Directions: Output the full listing below exactly; the images stay out.

Supplied data: Begin

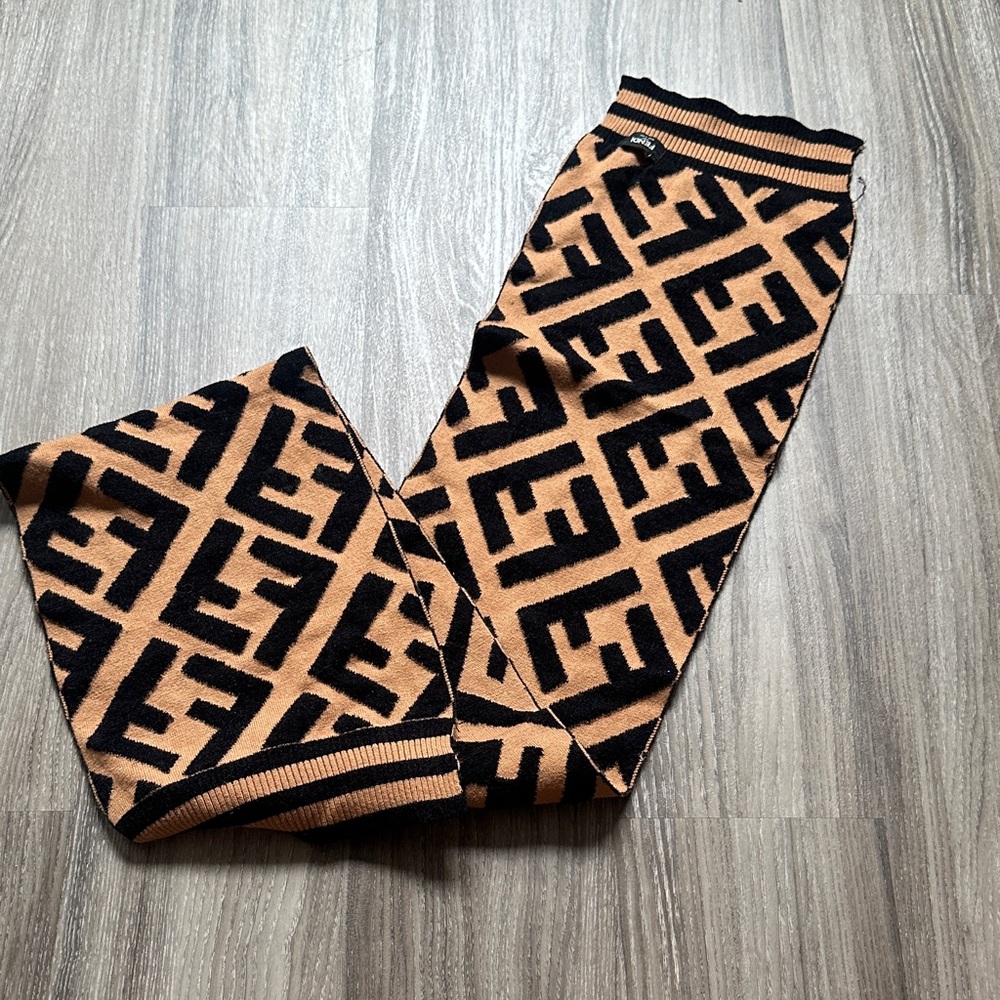 Black and Tan Patterned Knit Scarf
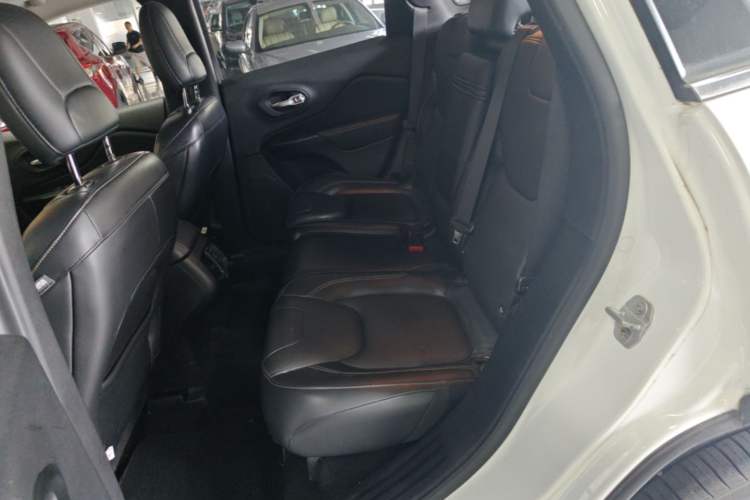 Used Jeep Cherokee 2016 2.4L Leading Edition Left Rear Seat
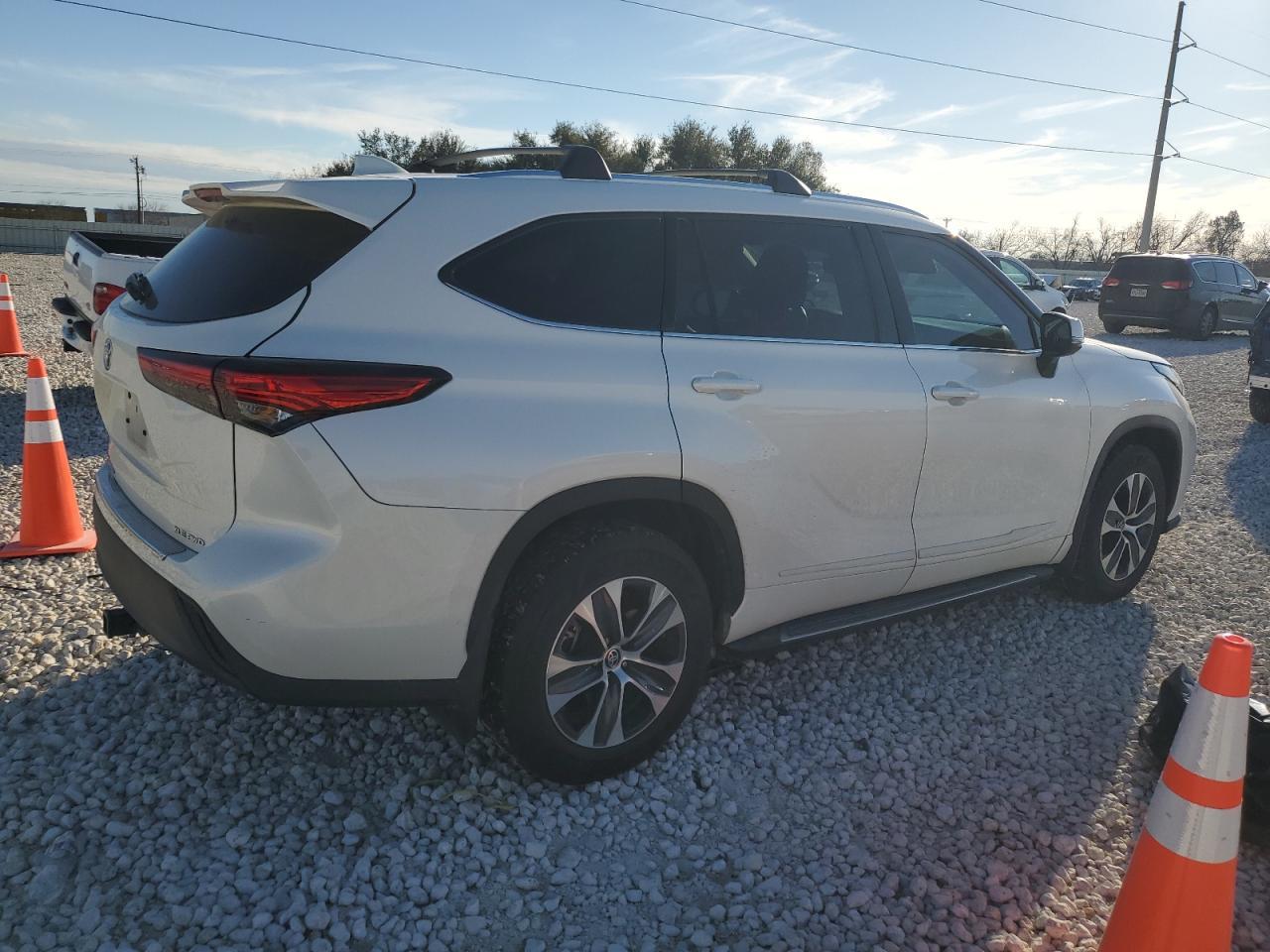 2021 TOYOTA HIGHLANDER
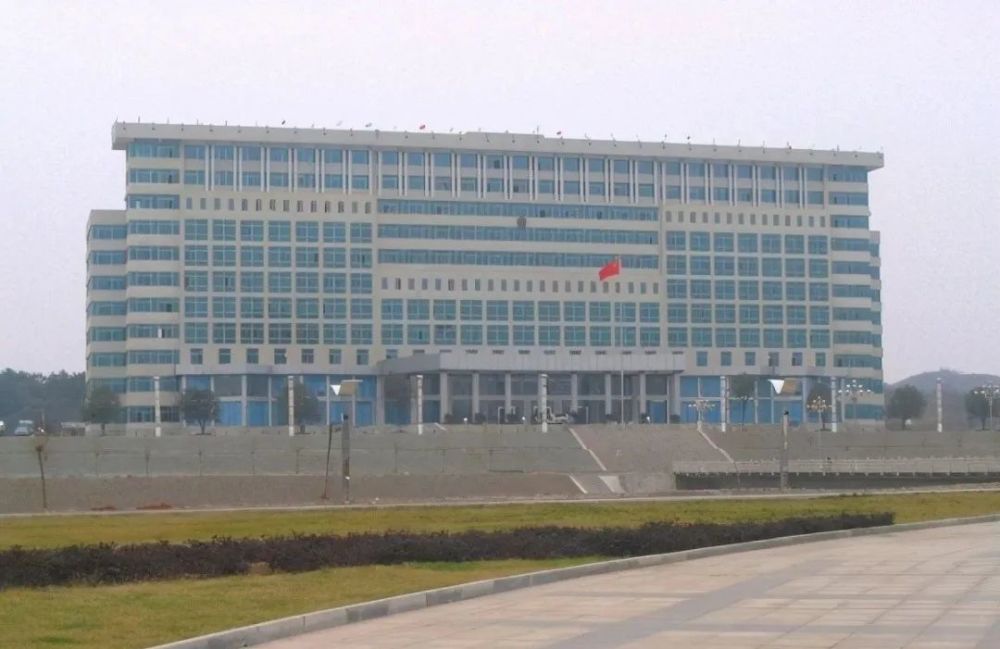 湖北省各地政府大楼对比/罗田男子被骗10万余元,警方28分钟追回
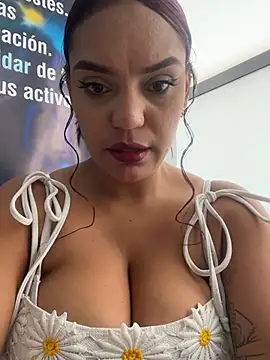 Sara-77 live cam on StripChat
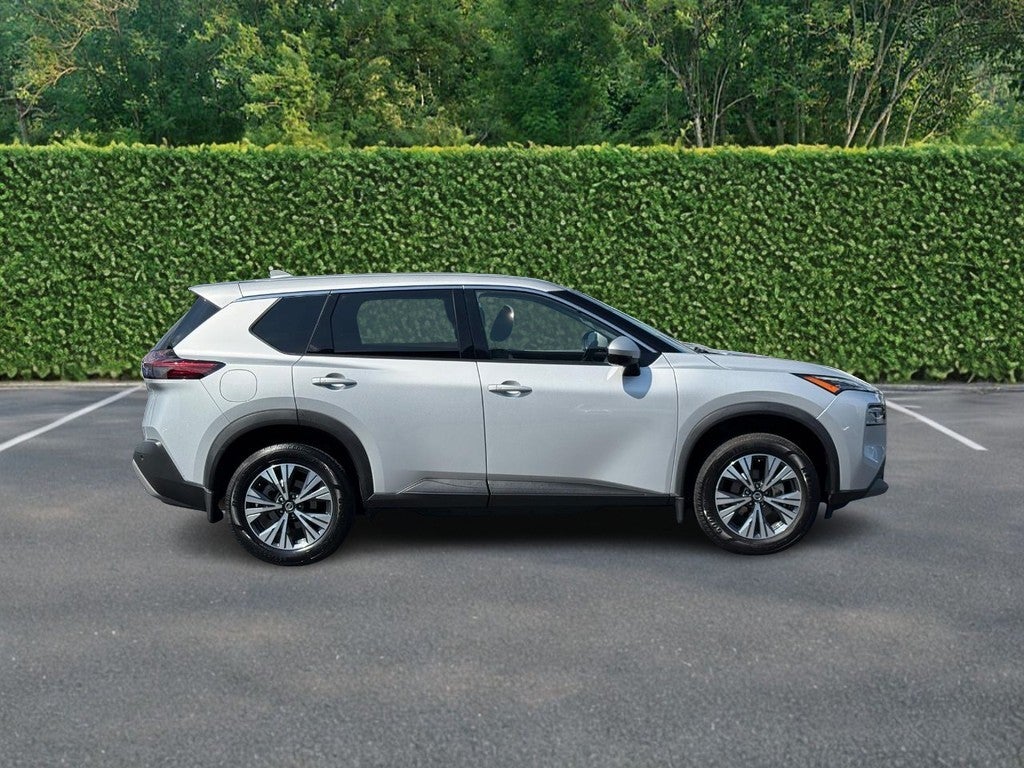 2021 Nissan Rogue AWD SV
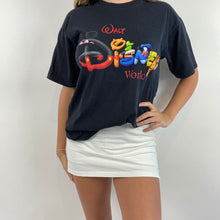 Load image into Gallery viewer, Vintage Walt Disney World t-shirt
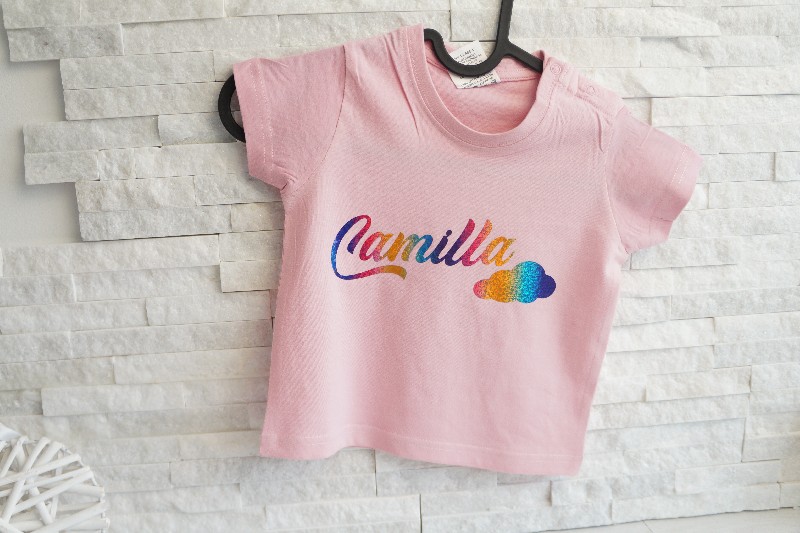 Regali e Bomboniere - Prodotti - ABBIGLIAMENTO Personalizzato - MAGLIETTA CON NOME ARCOBALENO 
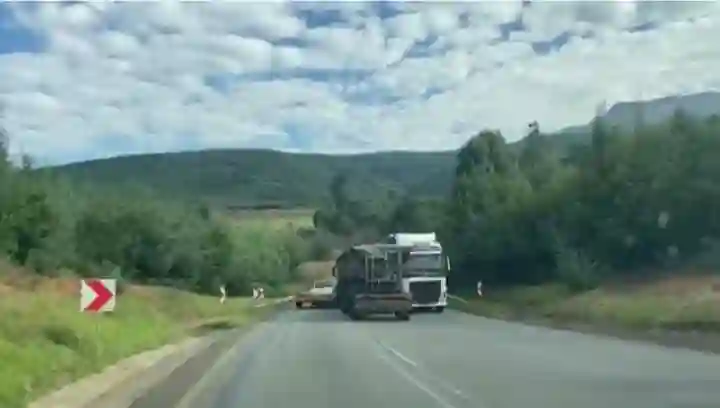  Watch: NiDa truck driver recklessly overtaking, pushing a bakkie off the road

Supplied data: End

Worked solution:
 Black and Tan Patterned Knit Scarf
 Used Jeep Cherokee 2016 2.4L Leading Edition Left Rear Seat
 2021 TOYOTA HIGHLANDER
 湖北省各地政府大楼对比/罗田男子被骗10万余元,警方28分钟追回
 Sara-77 live cam on StripChat
 2021 Nissan Rogue AWD SV
 Load image into Gallery viewer, Vintage Walt Disney World t-shirt
 Regali e Bomboniere - Prodotti - ABBIGLIAMENTO Personalizzato - MAGLIETTA CON NOME ARCOBALENO 
  Watch: NiDa truck driver recklessly overtaking, pushing a bakkie off the road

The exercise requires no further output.